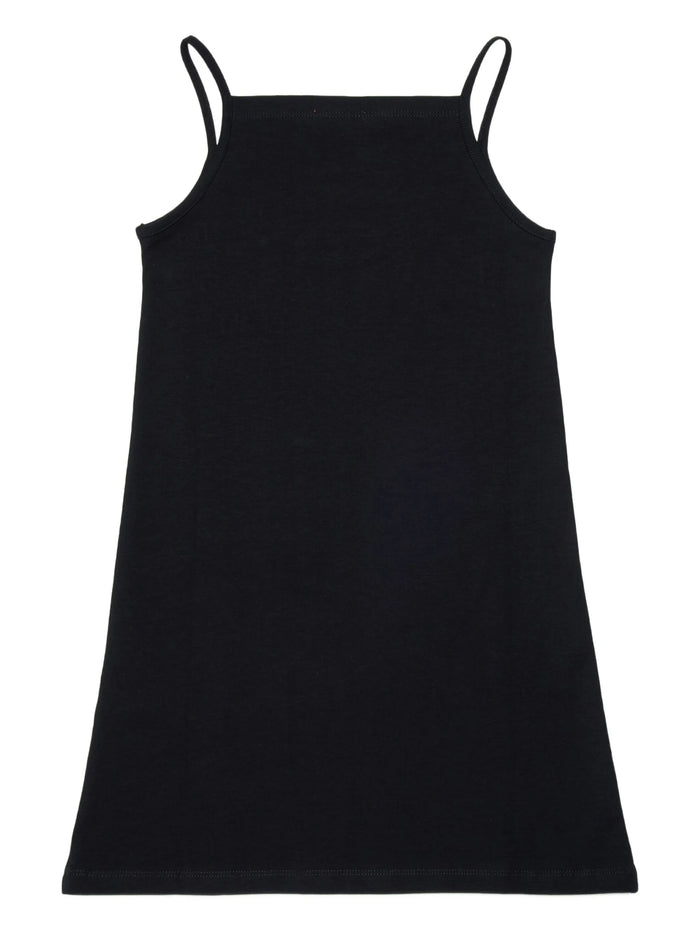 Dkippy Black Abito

#####

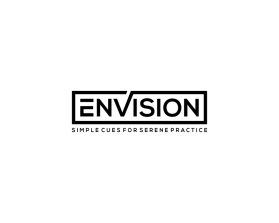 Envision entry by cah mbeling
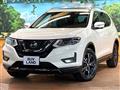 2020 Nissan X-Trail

#####

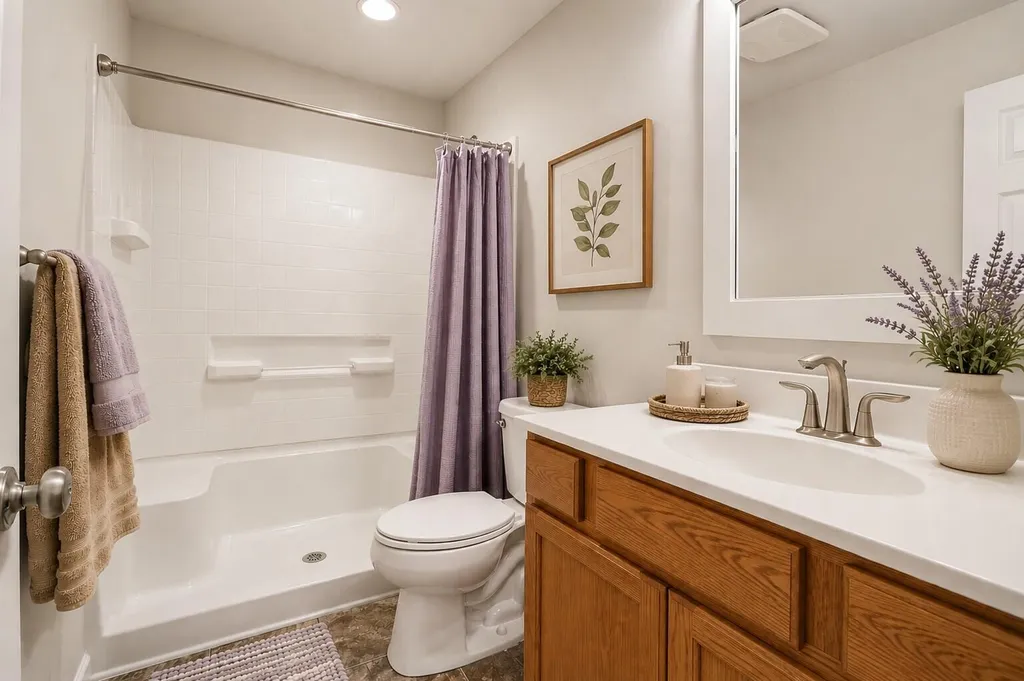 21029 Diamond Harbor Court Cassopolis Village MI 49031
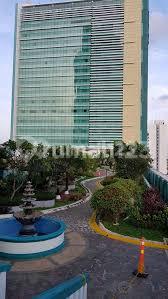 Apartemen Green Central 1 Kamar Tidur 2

#####

Exercise prompt: Working from the entries above, reproduce exactly and only the lines beginning with the line that has "Envision entry by cah mbeling" and ending with the line that has "2020 Nissan X-Trail"; omit all pictures.

Answer space:
 Envision entry by cah mbeling
 2020 Nissan X-Trail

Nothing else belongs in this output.